▶ **Work required**:
Every line from the one containing "BMW X6 xDrive30d" to the end of the records below should be returned exactly; pictures are to be dropped.

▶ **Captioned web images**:
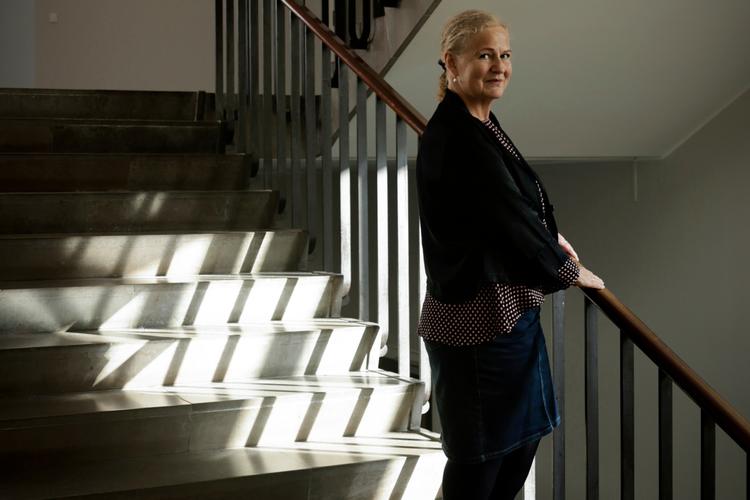 Foto: Miriam Dalsgaard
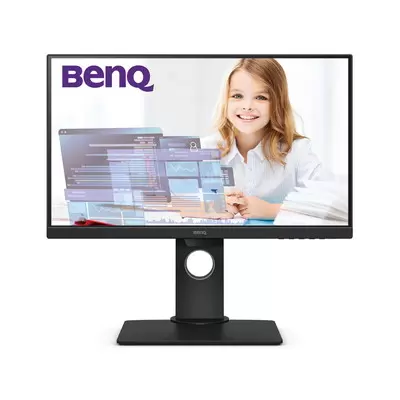 BenQ GW2480T [23.8インチ ブラック]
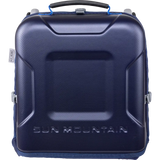 Sun Mountain KUBE Travel Cover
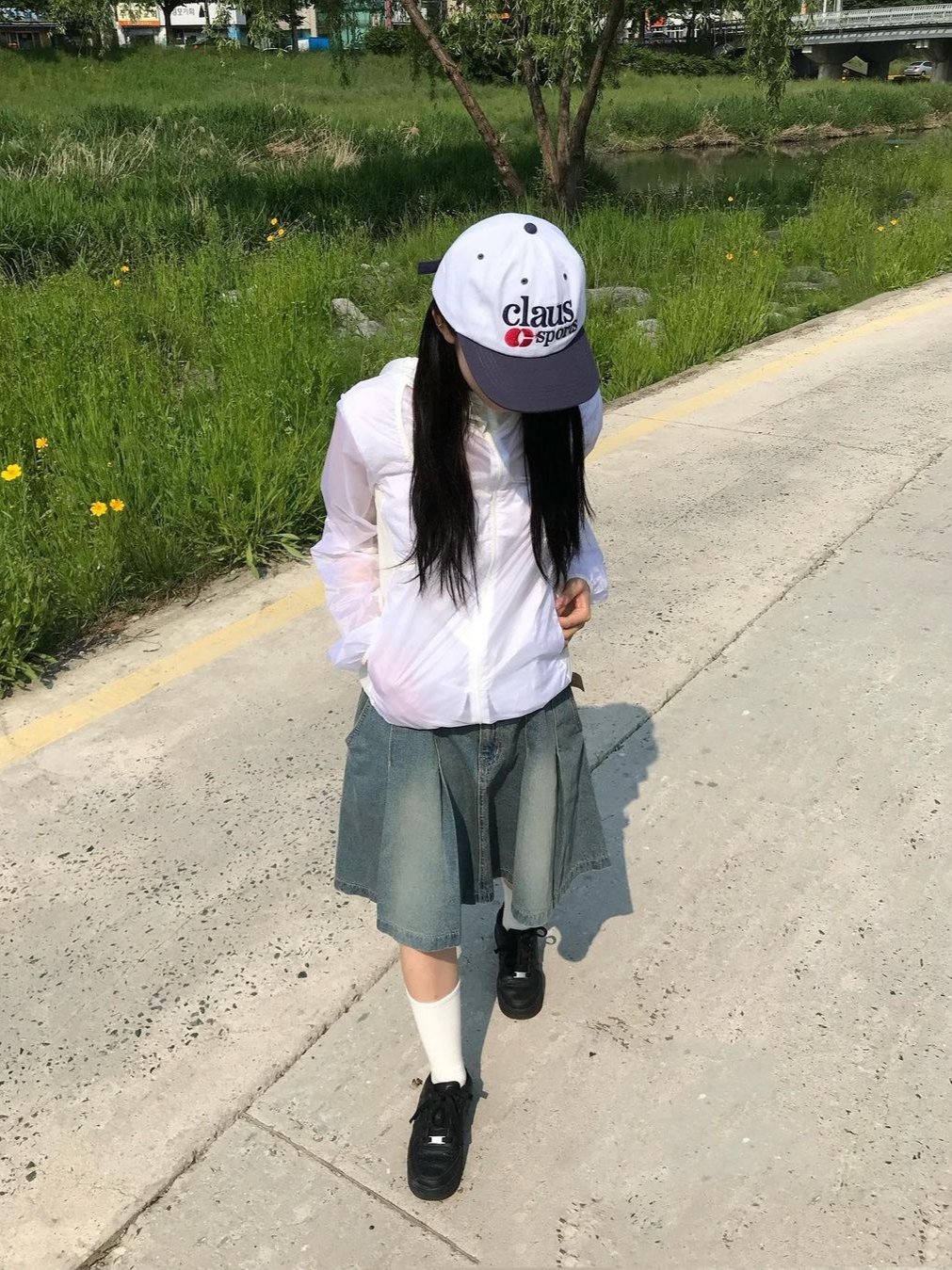 Yuppie님의 스타일 - 2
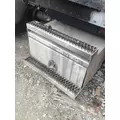Previous Part Detail 2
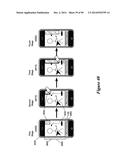 Establishing a Video Conference During a Phone Call diagram and image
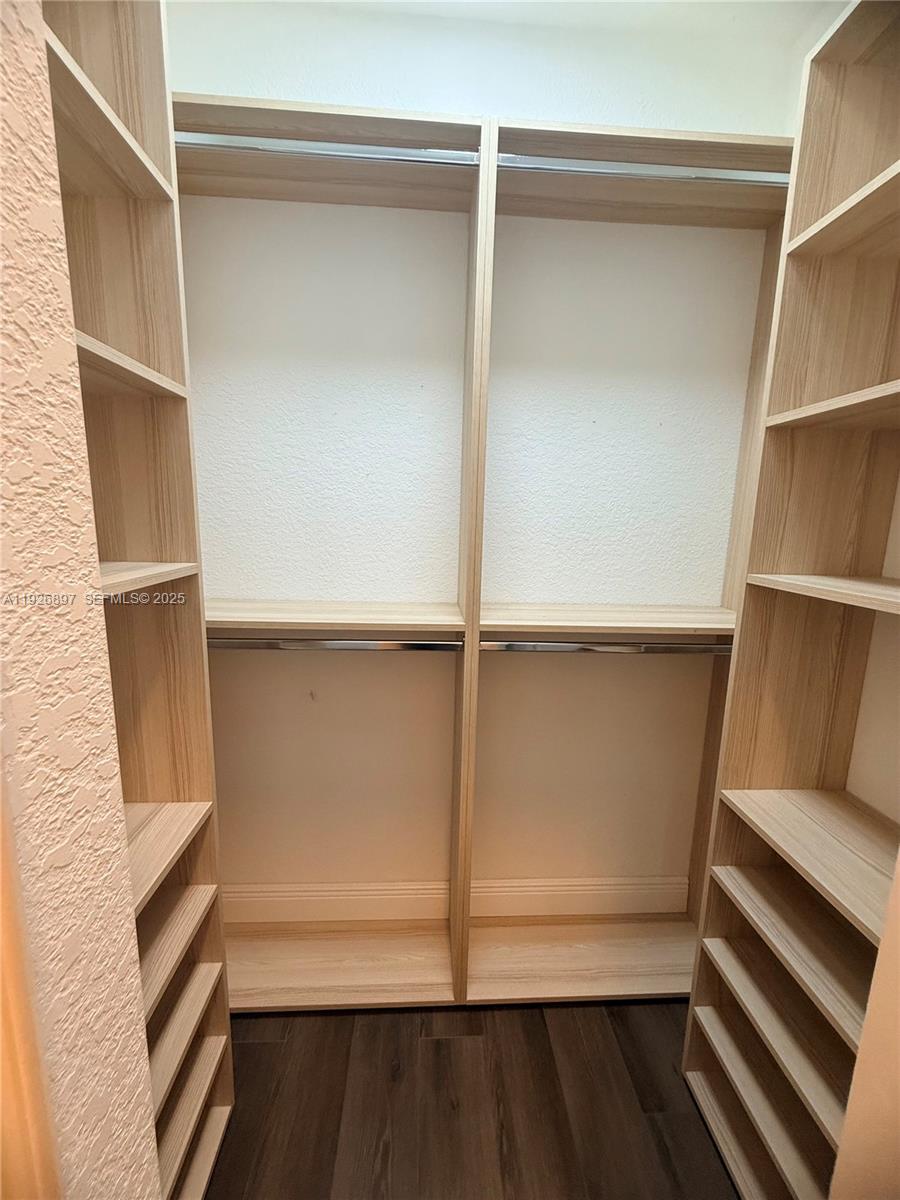 RIVER PLACE ON THE ST LUC - Residential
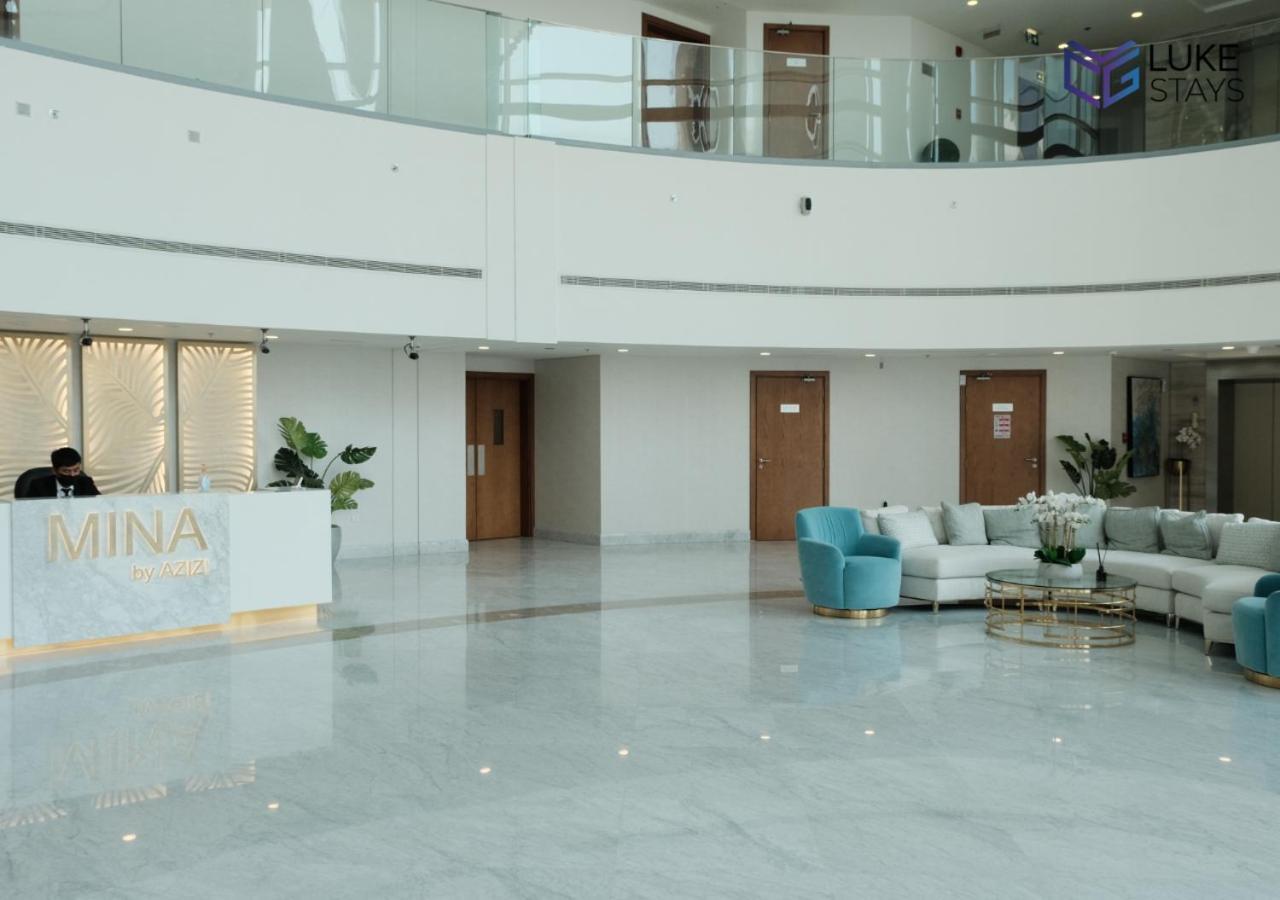 ✪lovely 1 Bed Apt✪pool ✪fast Wifi✪ Parking✪ Dubai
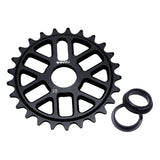 Zębatka BMX Snafu OLA Sprocket | RideHub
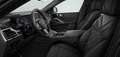 BMW X6 xDrive30d M Sport Luftfed. LED ///M-Sport PRO Negru - thumbnail 4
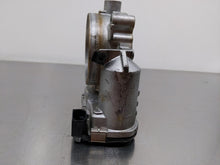 Load image into Gallery viewer, THROTTLE BODY Mercedes CLS550 G550 E550 S550 E550 2007 07 2008 08 2009 09 10 11 - NW275429
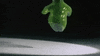 friday seems GIF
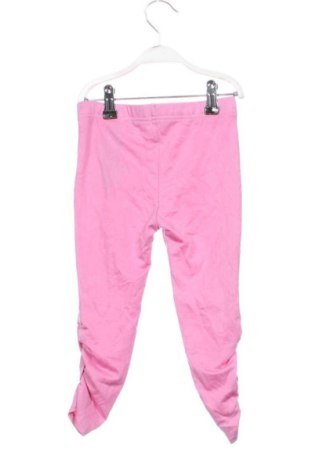 Детски клин Converse, Размер 3-4y/ 104-110 см, Цвят Розов, Цена 15,84 €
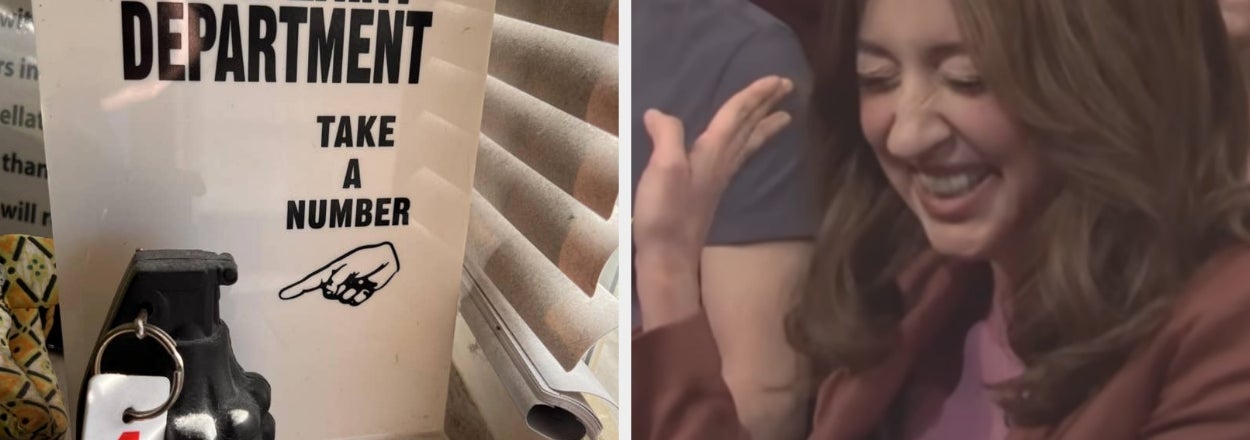 23 Photos That Are Way, Way, Way, Way, Way, Way, Way, Way, Way Funnier Than They Should Be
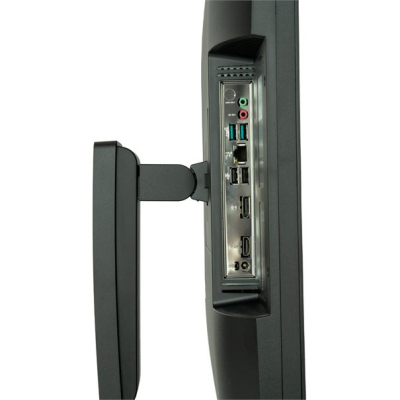 TERRA AIO 2710
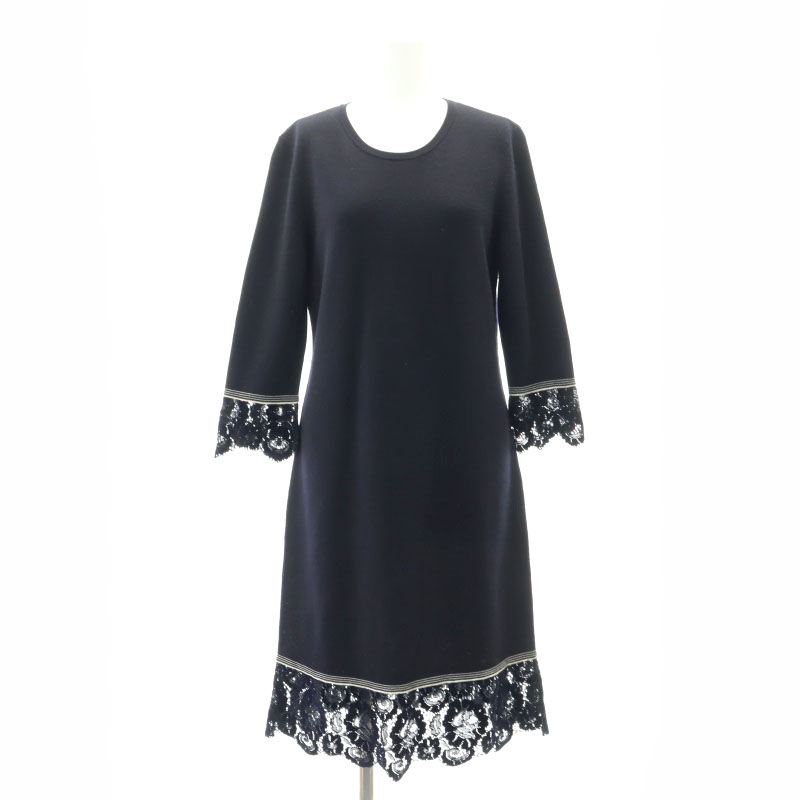 トリーバーチ　ワンピース ワンピース、ドレス | トリー バーチ 公式オンラインストア | Tory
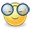 tango_face_glasses.webp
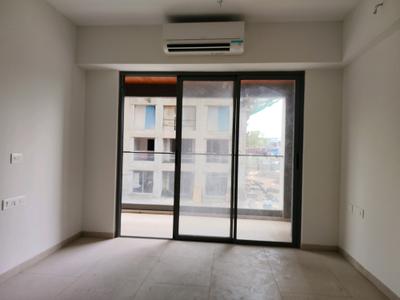 Bedroom Image of 1045 Sq.ft 2 BHK Apartment / Flat for sale in Amey Apartments, Andheri East Mumbai for Rs. 21600000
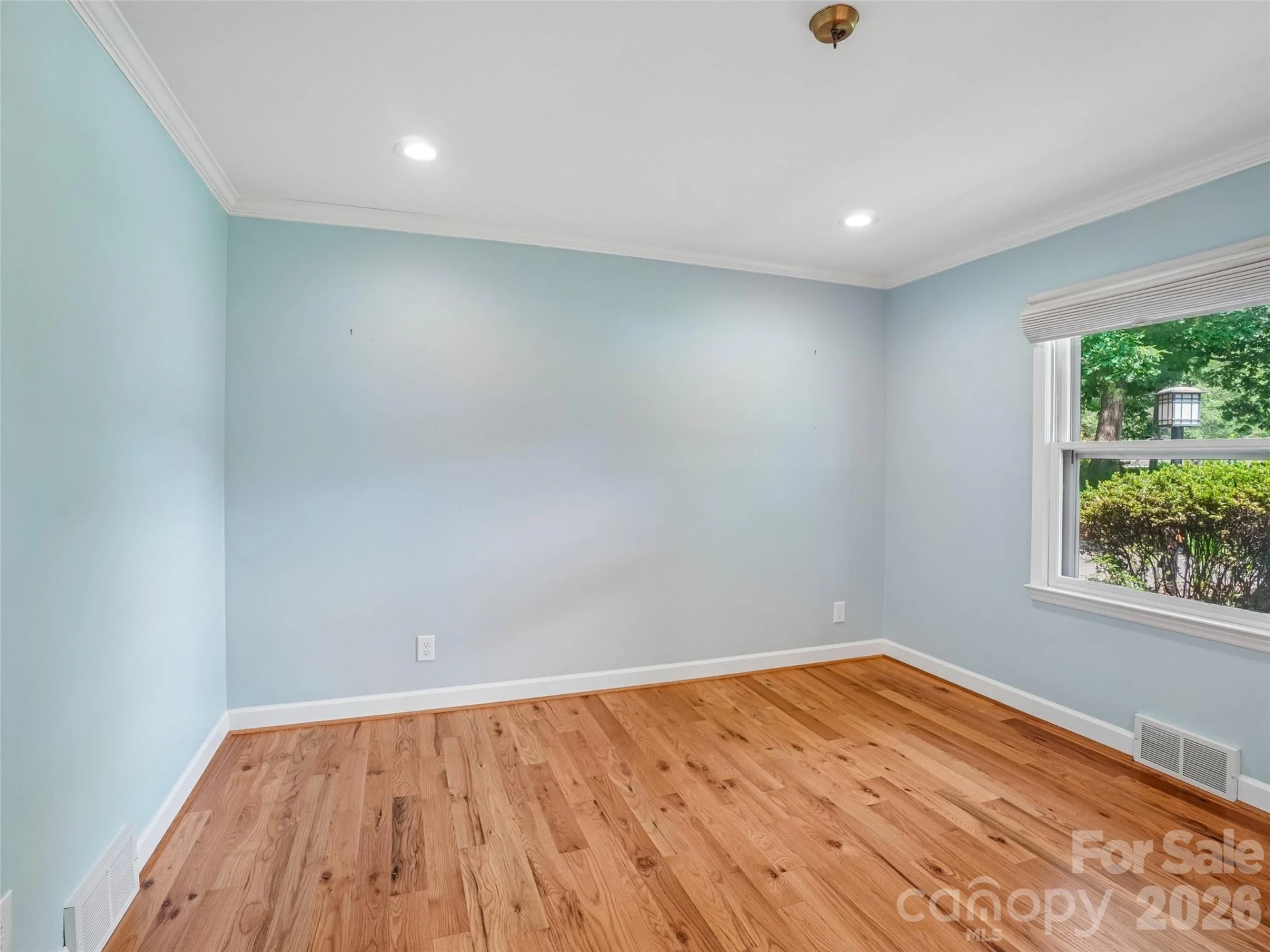 11 Ridgewood Avenue - Photo 23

▶ **Your solution**:
 BMW X6 xDrive30d M Sport Luftfed. LED ///M-Sport PRO Negru - thumbnail 4
 Load image into Gallery viewer, THROTTLE BODY Mercedes CLS550 G550 E550 S550 E550 2007 07 2008 08 2009 09 10 11 - NW275429
 friday seems GIF
 Детски клин Converse, Размер 3-4y/ 104-110 см, Цвят Розов, Цена 15,84 €
 23 Photos That Are Way, Way, Way, Way, Way, Way, Way, Way, Way Funnier Than They Should Be
 TERRA AIO 2710
 トリーバーチ　ワンピース ワンピース、ドレス | トリー バーチ 公式オンラインストア | Tory
 tango_face_glasses.webp
 Bedroom Image of 1045 Sq.ft 2 BHK Apartment / Flat for sale in Amey Apartments, Andheri East Mumbai for Rs. 21600000
 11 Ridgewood Avenue - Photo 23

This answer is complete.